Another drawback is that SBIs added in a small quantity get “bumped up” the list when other SBIs are also present. For example, let’s say a food contains “sugar” as the first ingredient and “maple syrup” as the last ingredient. This food must then be labelled with “Sugars (sugar, maple syrup)” as the first ingredient. Some consumers may think that the maple syrup is present in a more significant quantity than it is.

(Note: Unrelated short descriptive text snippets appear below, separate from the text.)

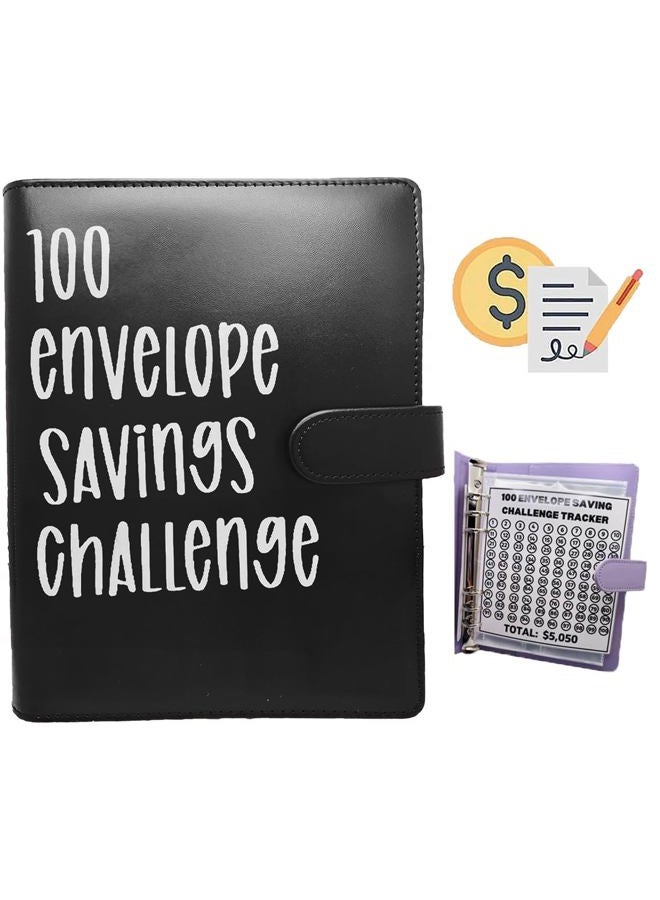 PIN&WEI 100 Envelope Challenge Binder, Savings Challenges Sheets，Easy and Fun Way to Save $5,050, Budget Binder with Cash Envelopes, Savings Challenges Binder, Budget Planner Book for Budgeting (Black) - Image 1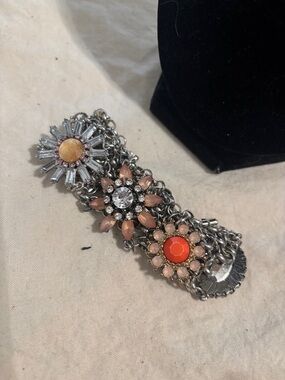 Statement Floral Cluster Bracelet in Peach, Coral, and Silver
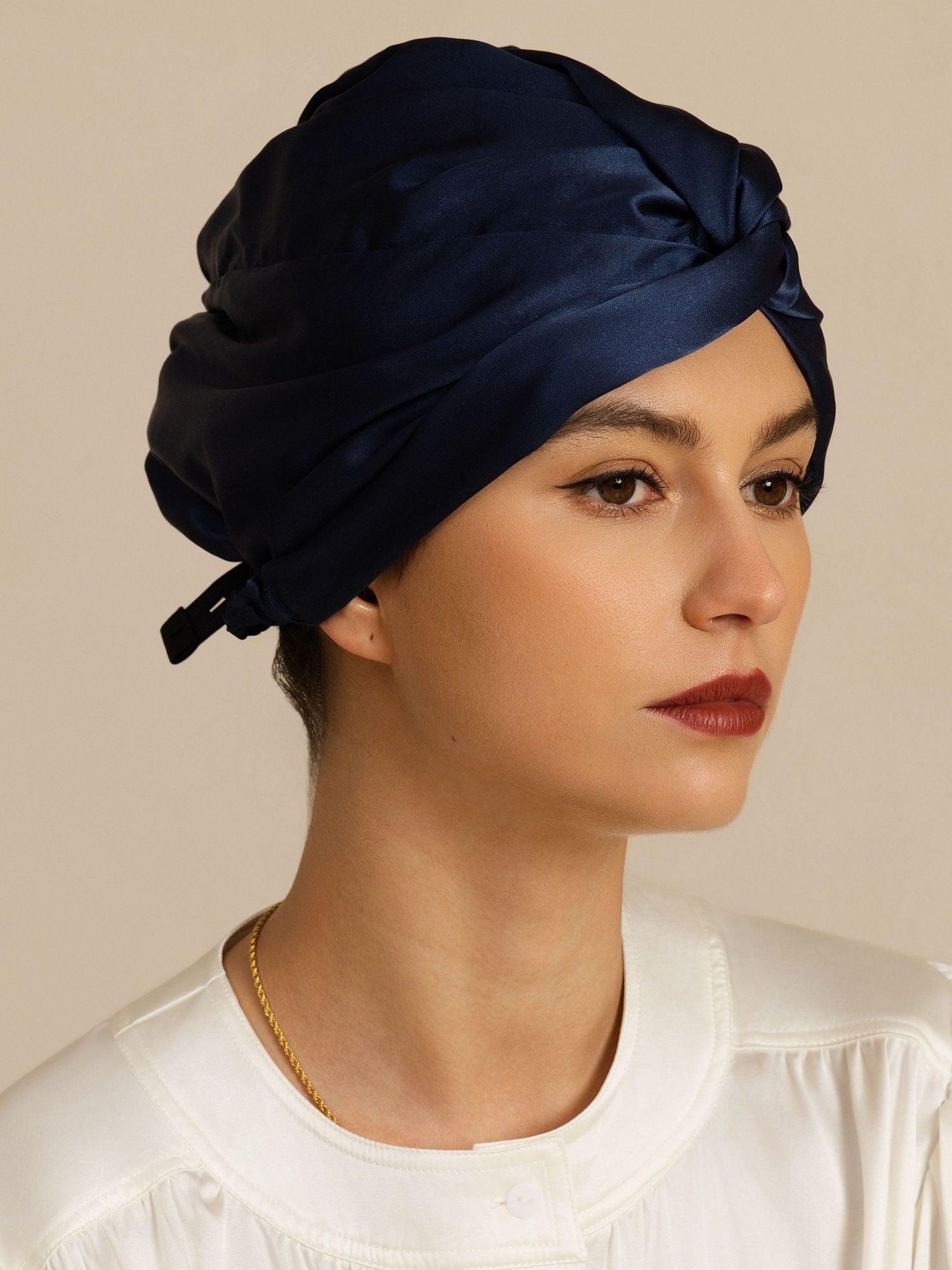 [Dark Blue] SilkSilky-UK 22Momme Sleep Cap 001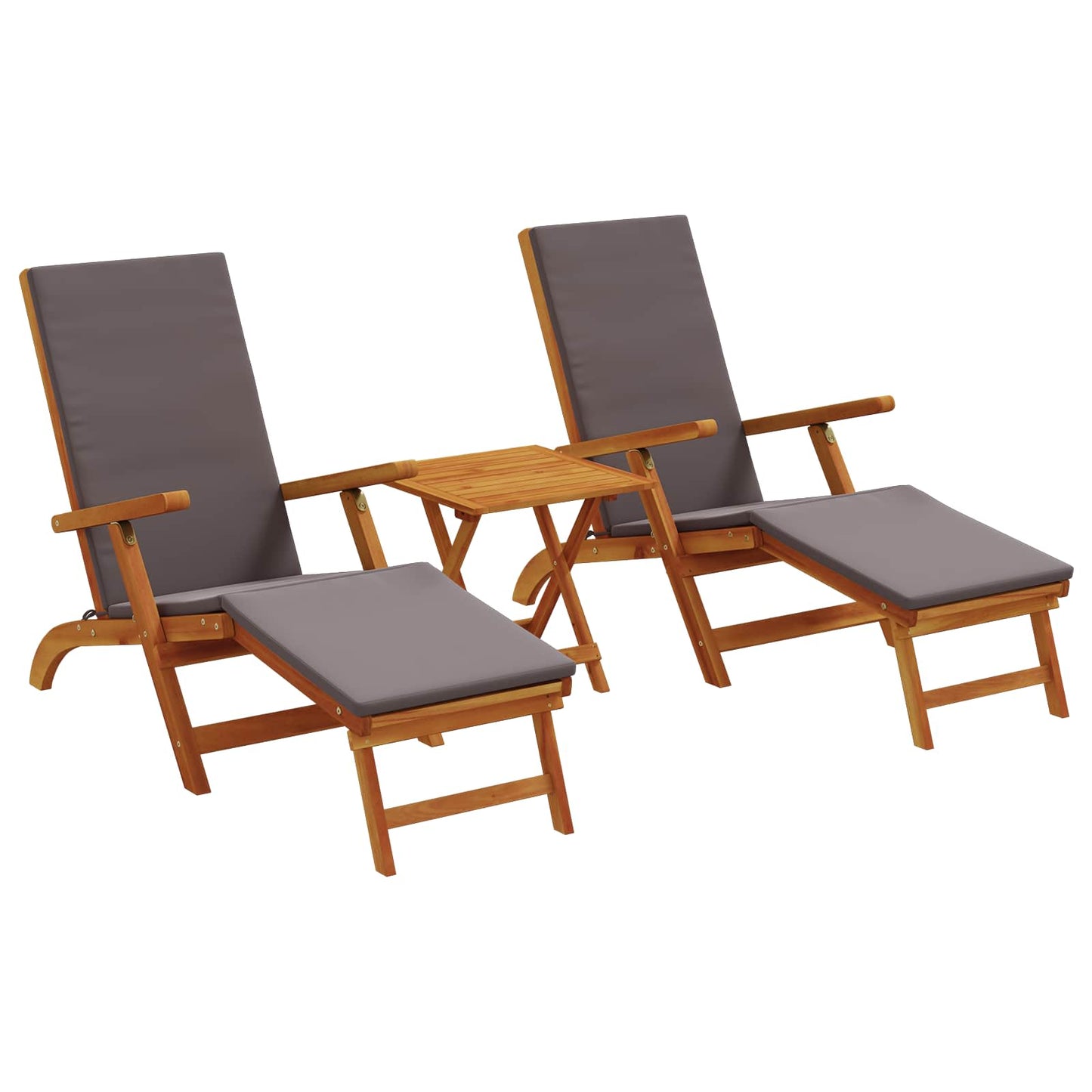Függőágy és összecsukható napozóágy 3 pcs Sötétszürke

The definition of a SBI involves three tiers. The first two are generally easy to spot in a crowd. They include mono- and disaccharides, like sugar (sucrose), and sweetening agents, many of which are liquid or dried syrups including high fructose corn syrup. The last tier involves understanding what a “functional substitute for a sweetening agent” is. The definition for this in the FDR, reads, “a food — other than any sweetener or sweetening agent, including any sugars — that replaces a sweetening agent and that has one or more of the functions of the sweetening agent including sweetening, thickening, texturing or caramelizing.” What’s potentially nebulous is that a functional substitute for a sweetening agent does not have to be sweet. It can have the function of thickening, texturing or caramelizing, for example. Appreciating concentrated fruit juice as SBI seems more intuitive than non-dietary fibre-type maltodextrins. For guidance purposes, the CFIA has provided on its food labelling for industry website pages, Annex 1 of examples of SBIs and Annex 2 of what are not SBIs. Annex 2 includes foods that the CFIA believes consumers may recognize as potentially significant sources of added sugars. As such these are not subject SBI labelling. Fruit spread is in Annex 2 and fruit puree is Annex 1. Some things are harder to explain than others. New rules are not necessarily easier.